In that last moment, Rex had looked over his shoulder at Biowulf. Circe he had expected by now, bleeding heart that she was. He could not understand her but he could predict her. The shock of Rex's offer had been bitter and shivering, still rattling through him even now. You coming, or what? Not sweet. Not polite. Still kind.
He could have caught Rex then. Two enemies in one claw. Circe was already weak, and the surprise may have given him the edge he needed over Rex. van Kleiss would have been so pleased.
The field buzzed, impenetrable. Down below an EVO tested its strength and bounced off.
Biowulf had stayed. It was not a sin to have kept the beasts in; in the end, NoFace and van Kleiss had come to blows, the way Biowulf had hoped for since setting foot in this damned city. Master would not have wanted NoFace to be able to leave. It was just as well, that Biowulf had -
That he had abandoned his master and helped a traitor escape.
Had he been human he would have retched. Instead the nausea fizzled out into a sickening sizzle along his circuitry.
He could still pick out the distant shape of Circe through the haze of the containment field. He did not allow himself to wonder. He did not allow himself the brief fantasy of being on the other side of the field. He would wind his way back through the city, to the arena where he had slipped away from his master, and he would tell van Kleiss that Rex had taken Circe and blocked their escape, and that he was a coward. And van Kleiss would punish him then for his transgressions. He would drain Biowulf of his nanites, or demote him from second, or force him to find his own way home out of the Bug Jar. And certainly van Kleiss would find a way home, as always be could. He would have no need for Biowulf's help. Biowulf had been punished before; either he would survive it or he would die. Either would be at the wishes of his master.
He hesitated. Or.
Maybe he would come back to the arena, and van Kleiss would be victorious already, and know already, and he would look at Biowulf slinking into the space and say, Oh.

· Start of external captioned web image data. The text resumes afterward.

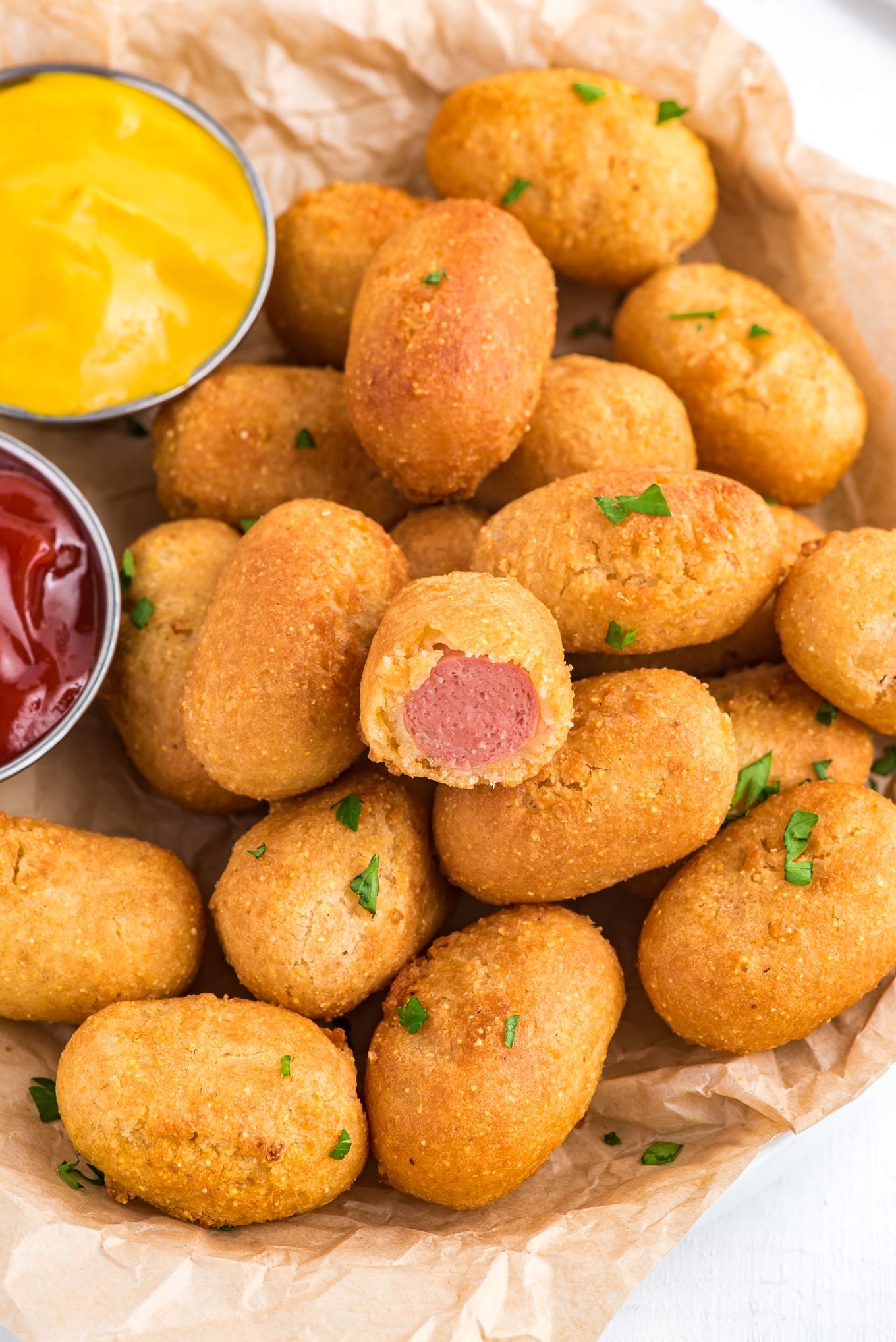 mini corn dogs in a basket with ketchup and mustard on the side. 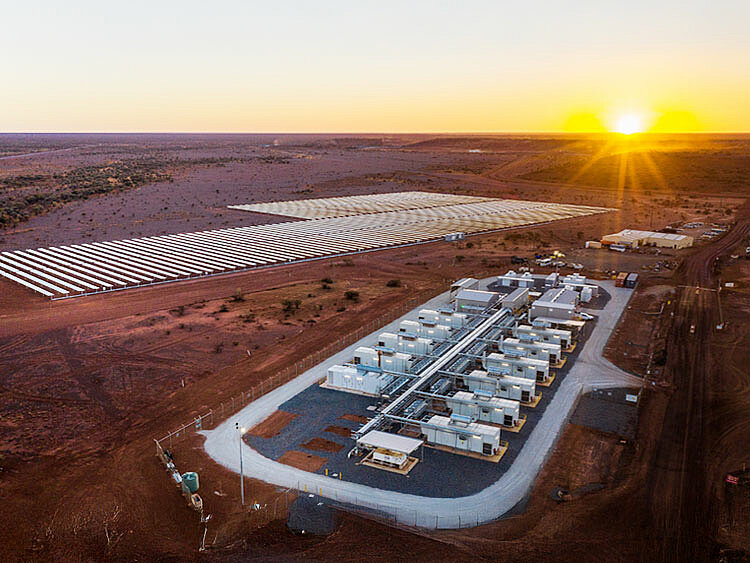 In the background, there is a PV park, and in front of it, there is a battery storage system.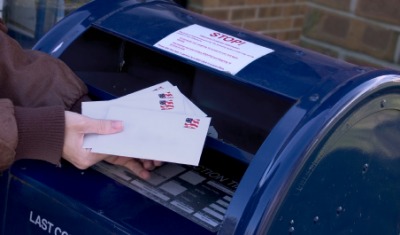 A person mailing some letters. A person mailing some letters.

I hadn't realized you had left.
Just imagining the words left Biowulf feeling like his chest was being crushed in. Alone, with no one to witness the weakness but the monsters on the ground, he whimpered, a lost pet amongst wolves.
He could only permit himself the one. Providence knew they were there, and whether he went now or later his master would hurt him all the same. Biowulf hungered, desperately, for the security of his master's biting insults and disappointment. He rose to his feet.
The chairs at the castle would be kept, he decided on the way, leaping across rooftops, but the bed that Circe brought in he would burn. He could not afford to see her well-furnished room and remember this doubting virus she had planted into his mind.